▶ Records shown
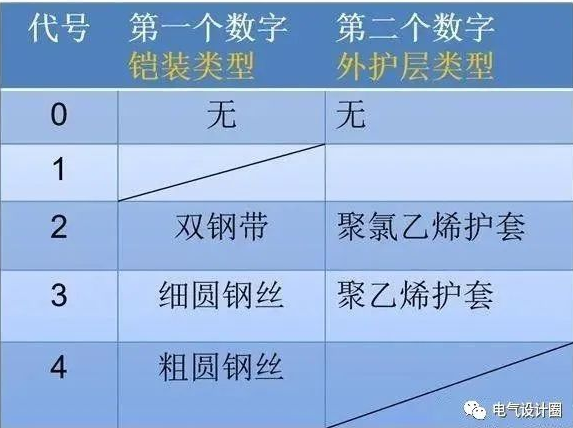 怎么看照明系统图和照明平面图？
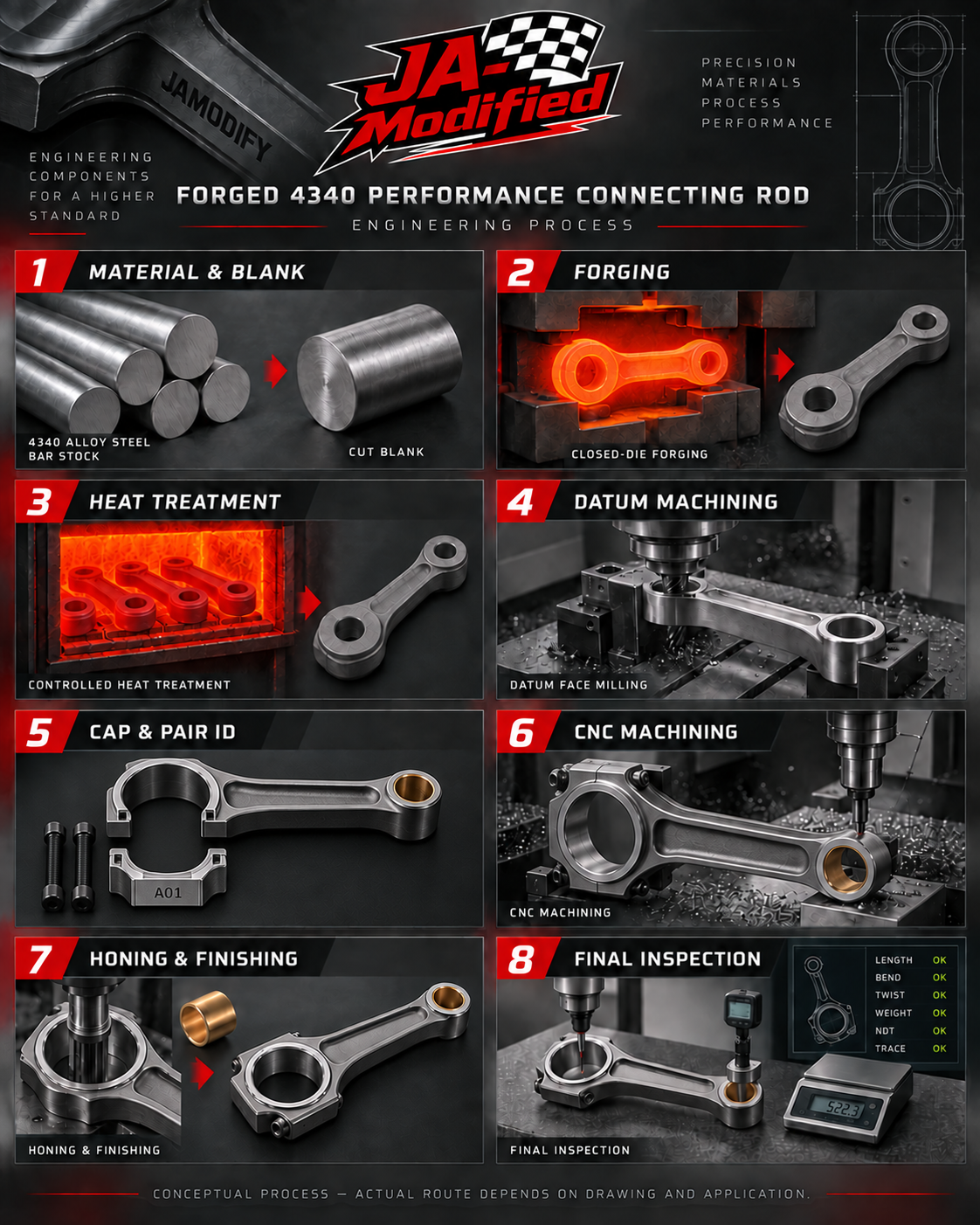 Illustrated forged connecting rod manufacturing process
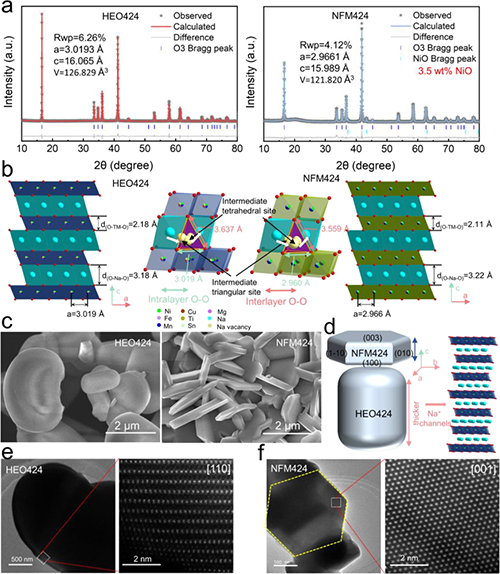 图1.HEO424和NFM424样品的结构和形貌表征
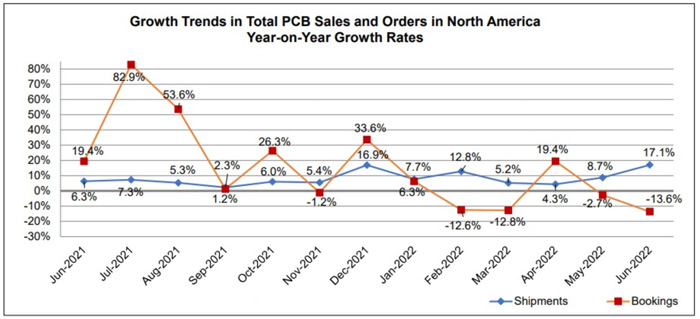 YoY_Growth_2Q22.jpg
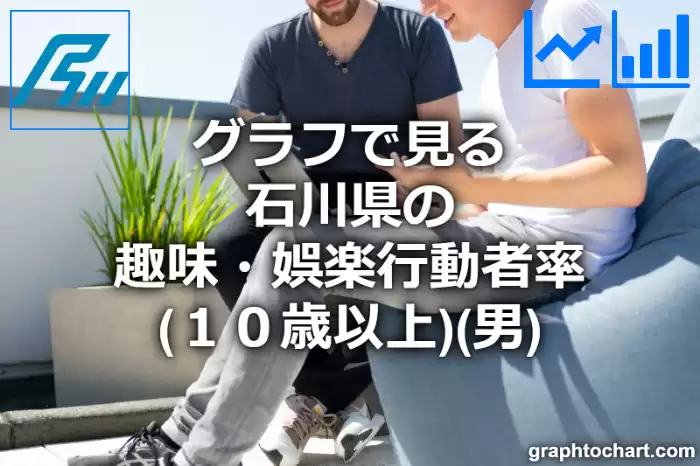 グラフで見る石川県の趣味・娯楽行動者率（１０歳以上）（男）は高い？低い？(推移グラフと比較)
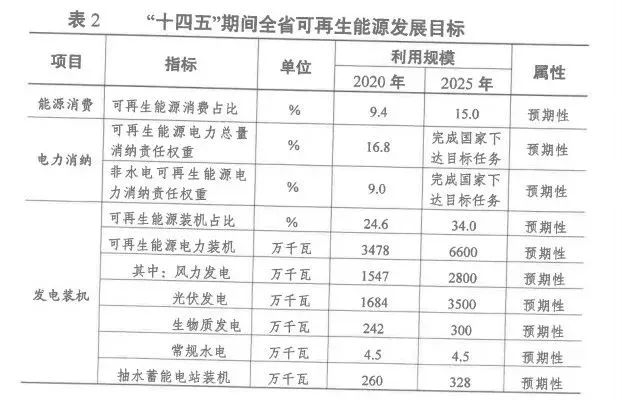 2025年光伏裝機(jī)超35GW！江蘇省發(fā)布“十四五”可再生能源發(fā)展規(guī)劃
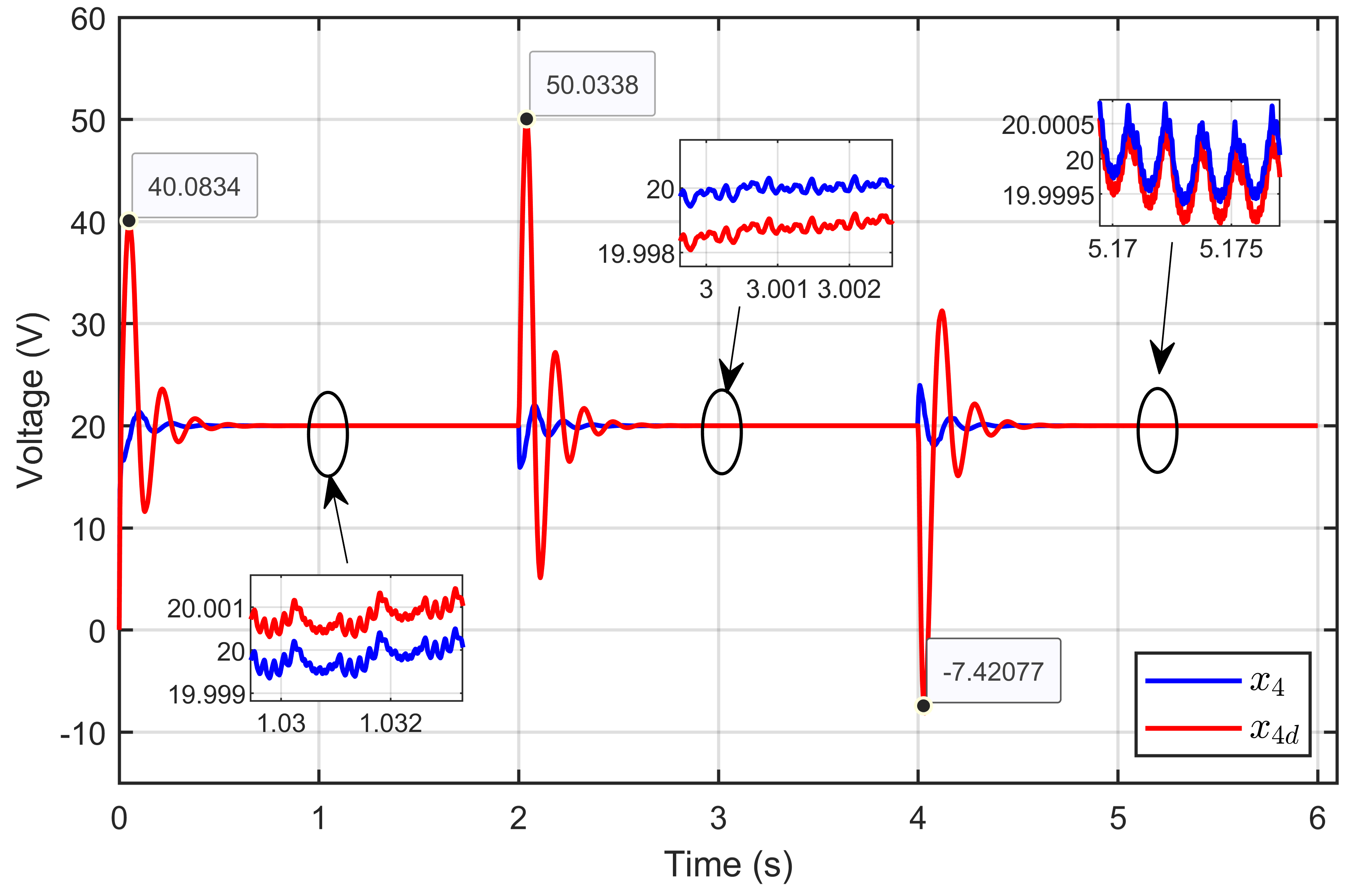Processes 13 00795 g017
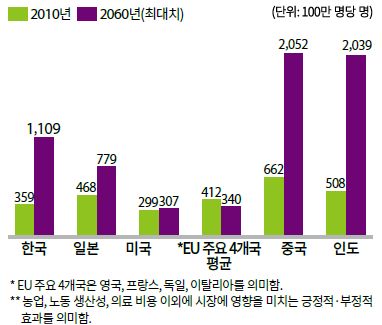 통합사회_교과서이미지_p58_대기_오염에_의한_조기_사망자_수.jpg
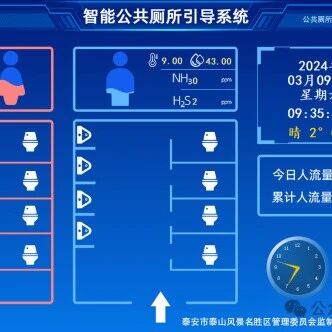 “科技+厕所”助力智慧泰山提质增效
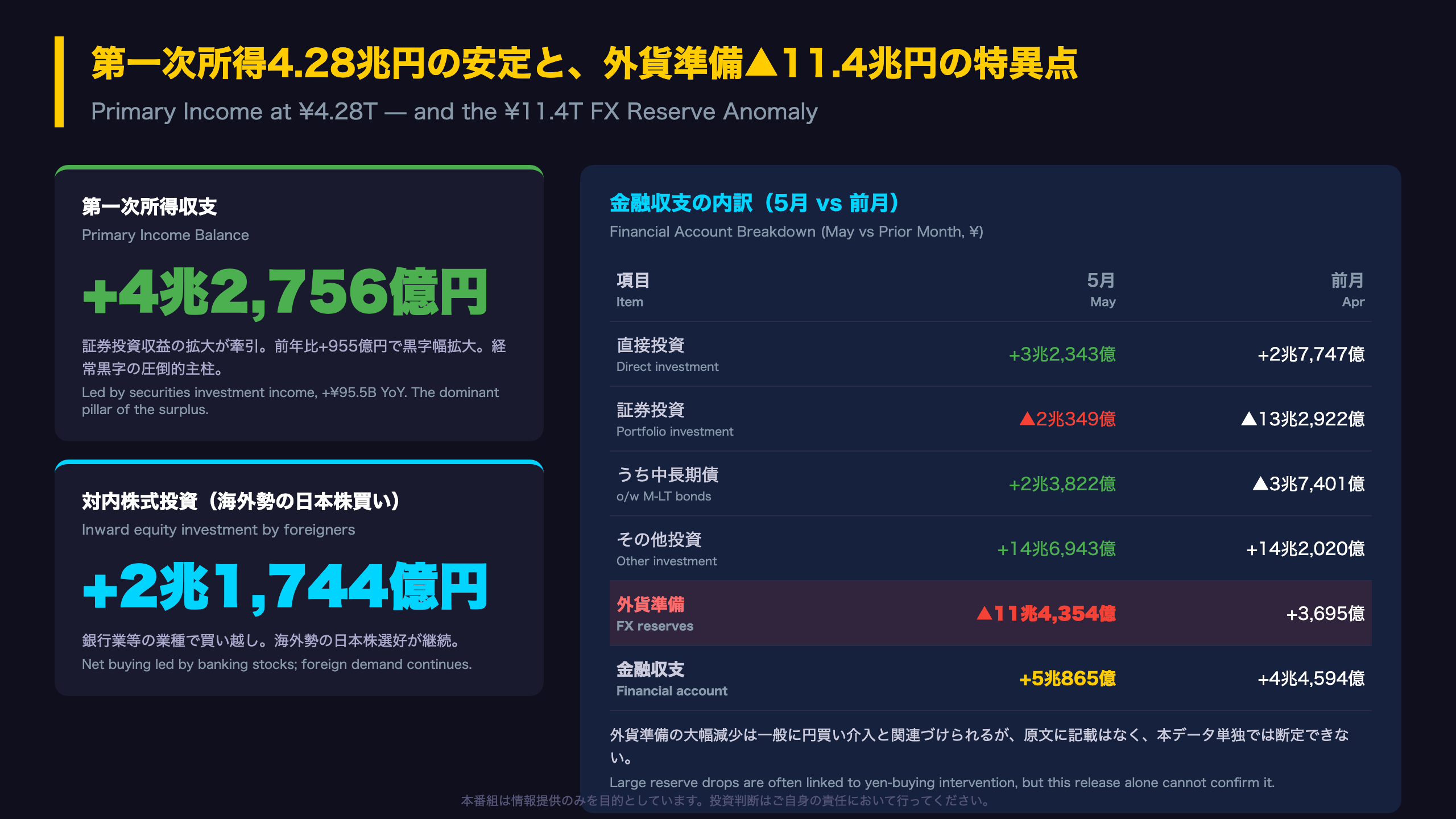 Deep Dive③：第一次所得4.28兆円と、外貨準備▲11.4兆円という特異点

▶ Work request
From the first line to the last, write out the data exactly, dropping any pictures.

▶ Response
 怎么看照明系统图和照明平面图？
 Illustrated forged connecting rod manufacturing process
 图1.HEO424和NFM424样品的结构和形貌表征
 YoY_Growth_2Q22.jpg
 グラフで見る石川県の趣味・娯楽行動者率（１０歳以上）（男）は高い？低い？(推移グラフと比較)
 2025年光伏裝機(jī)超35GW！江蘇省發(fā)布“十四五”可再生能源發(fā)展規(guī)劃
Processes 13 00795 g017
 통합사회_교과서이미지_p58_대기_오염에_의한_조기_사망자_수.jpg
 “科技+厕所”助力智慧泰山提质增效
 Deep Dive③：第一次所得4.28兆円と、外貨準備▲11.4兆円という特異点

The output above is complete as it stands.